An especially salient site of analysis for this debate is criminal records. Criminal records are not just relevant in court, though the issue of data transparency vs. privacy is particularly acute for court derivative records; these records also follow individuals outside of court and create significant obstacles for entry into employment, education, housing, and other elements of social life. Public criminal records can substantially impact an individual’s life well beyond the scope of the criminal proceeding, making a compelling normative case for keeping them private. While criminal records can be individually damaging, a closed system of court data also prevents transparent knowledge of policies and disparities. Private criminal records and court documents can substantially hinder evaluating systemic issues in the courts as a whole, making a compelling case for making criminal record data public. However, once records are public, they are more difficult to control and therefore consequences of public records are the ability of the public to use them for individual decision-making, use them for potentially discriminatory policy making, and to use them for commercial gain. The relationship between equity issues in the courts and data privacy is far from simple.

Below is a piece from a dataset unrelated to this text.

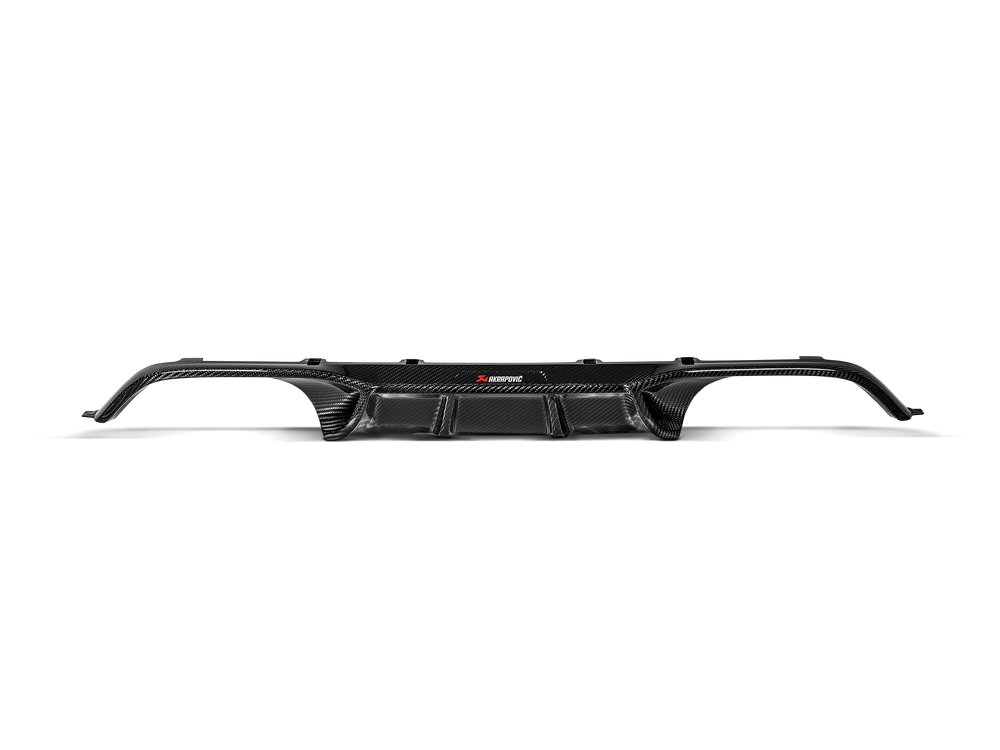 DI-BM/CA/4/G Rear Carbon Fibre Diffuser - High Gloss - BMW M3 (F80)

In this article we examine this tension between privacy and transparency and its consequences in several different contexts, taking criminal courts as a case study as an institution where the tension is not unique but heightened. We consider the use of criminal records as elements of a transparent court process; as tests for obtaining employment, education, or housing; and finally, the commercialization of criminal records themselves in a burgeoning terrain of digital companies providing mugshots and criminal records, connecting our criminal case study to other industries. We consider each of these three domains, laying out the universe of data privacy tensions and data transparency arguments to create a nuanced picture of how data privacy regulation interacts with public access. We conclude with recommendations, grounded in knowledge about innovative data techniques and data ethics, designed to help alleviate the tension between data privacy and data transparency.